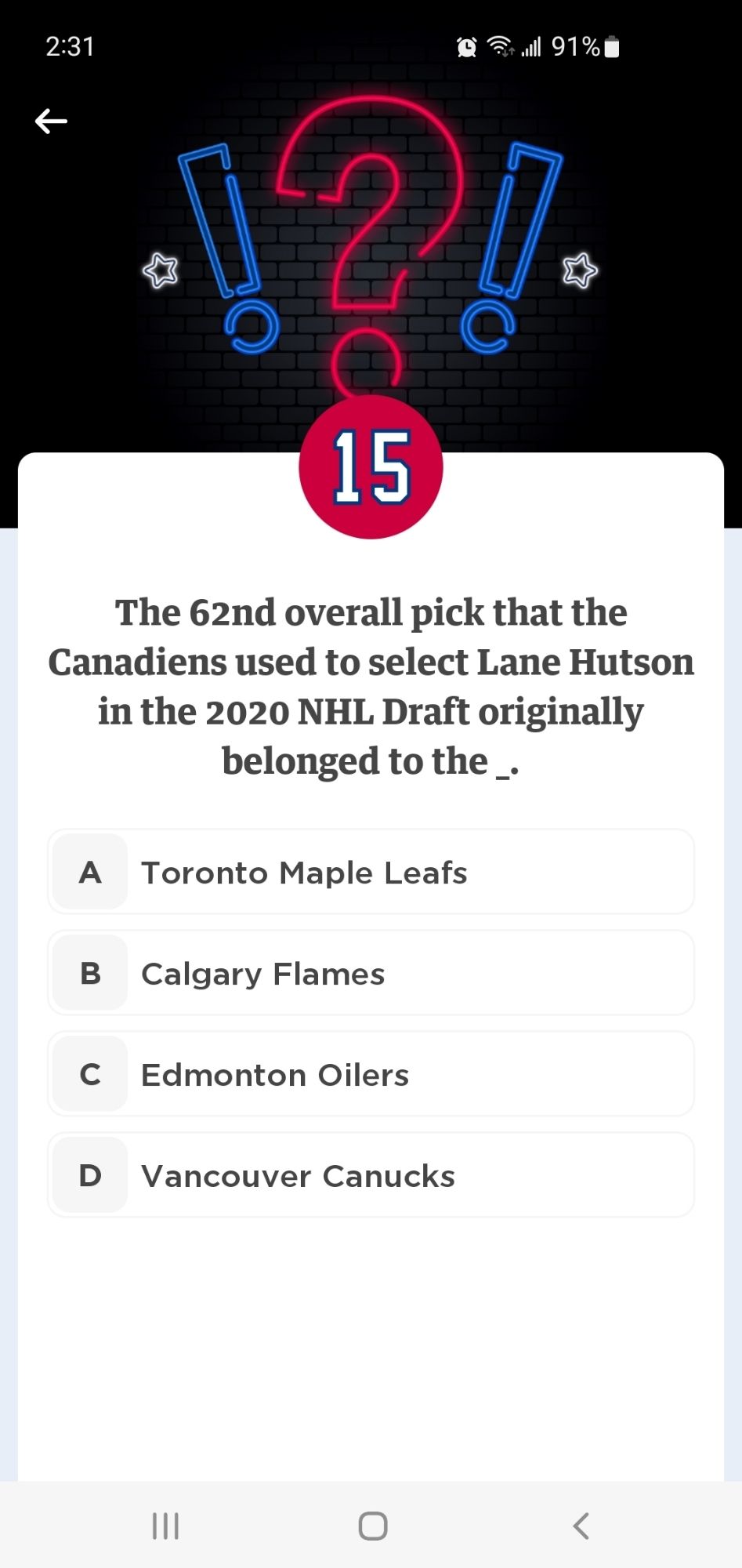 #club1909 #club1909codes #GoHabsGo
Surprise question for October 05, found in September 03 posts on main tab of app.

C - Edmonton.

Please support Forgotten Ones Cat Rescue 😺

• _Problem statement_: Skipping the pictures, transcribe each line above exactly as it appears.

• _Task result_:
 #club1909 #club1909codes #GoHabsGo
Surprise question for October 05, found in September 03 posts on main tab of app.

C - Edmonton.

Please support Forgotten Ones Cat Rescue 😺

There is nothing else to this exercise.